Mother cites to three documents in support of her claim that count b-1 was dismissed: (1) the original section 300 petition, (2) pages 108 through 113 of the transcript of the dispositional hearing, and (3) the juvenile court's April 29, 2022, minute order memorializing the jurisdictional hearing. None of these materials suggest the juvenile court dismissed count b-1. The original petition merely establishes that count b-1 was asserted against mother. Pages 108 through 113 of the dispositional hearing transcript do not mention or relate to count b-1 in any way. Instead, those pages contain argument by mother's counsel concerning the recommendation that mother undergo a psychological evaluation, as well as the juvenile court's ultimate dispositional orders. Nothing in these pages indicates or suggests that count b-1 was dismissed.

This leaves the April 29, 2022, minute order as the sole basis for mother's claim that count b-1 was dismissed. The minute order states, in pertinent part: "Court will strike portions of Petition as stated on the record-parts of B1, B5 and J2." In stating that parts of "B1" were stricken, the juvenile court was referring to the striking of the two checked boxes asserting jurisdiction under section 300, subdivision (b)(1), and was not referring to count b-1. Any potential ambiguity in this order can be immediately resolved by reference to the transcript from the jurisdictional hearing and the amended interlineated petition. Even if we were to interpret the order as referring to count b-1, the order indicates only that "portions" of the count were stricken. Nothing in this order suggests count b-1 was "expressly dismissed" in its entirety as mother now claims on appeal.

We note that at the time mother filed her opening brief, the record did not yet include the transcript from the second day of the jurisdictional hearing, which expressly explained what claims were being struck from the petition. However, the interlineated amended petition and disposition hearing transcripts were available to mother's counsel and directly contradict any claim that count b-1 was dismissed or stricken.

Moreover, the relevant transcript from the jurisdictional hearing was included in a supplemental volume of reporter's transcripts filed in this court on October 17, 2023. This transcript was available to counsel at the time mother's reply brief was filed in March 2024. Yet mother's reply brief simply ignores the transcript and claims instead that "The record is confusing as to what and how the Orange County Juvenile Court sustained or dismissed in all or in part count b-1 of the petition, given that the matter was heard in two different counties and transferred to Los Angeles County after the jurisdictional hearing." This assertion is made without any citation to the record and is expressly contradicted by the jurisdictional hearing transcript. The claims made by mother's counsel regarding count b-1 are simply inaccurate and devoid of any support in the record.

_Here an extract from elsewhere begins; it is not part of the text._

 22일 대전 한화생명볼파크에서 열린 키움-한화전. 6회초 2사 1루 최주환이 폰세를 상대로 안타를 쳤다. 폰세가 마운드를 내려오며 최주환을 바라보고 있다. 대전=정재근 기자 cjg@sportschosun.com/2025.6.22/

"An attorney is an officer of the court and owes the court a duty of candor." (Levine v. Berschneider (2020) 56 Cal.App.5th 916, 921.) "'"Honesty in dealing with the courts is of paramount importance, and misleading a judge is, regardless of motives, a serious offense."' [Citation.] 'Counsel should not forget that they are officers of the court, and while it is their duty to protect and defend the interests of their clients, the obligation is equally imperative to aid the court in avoiding error and in determining the cause in accordance with justice and the established rules of practice.' [Citations.]" (Perry v. Kia Motors America, Inc. (2023) 91 Cal.App.5th 1088, 1095-1096 (Perry); see also Bus. &Prof. Code, § 6068, subd. (d); State Bar Rules Prof. Conduct, rule 3.3(a)(1).) Parties may be deemed to forfeit an issue where they have misrepresented the record or failed to provide a complete summary of the relevant facts. (Perry, supra, 91 Cal.App.5th at pp. 1095-1096.)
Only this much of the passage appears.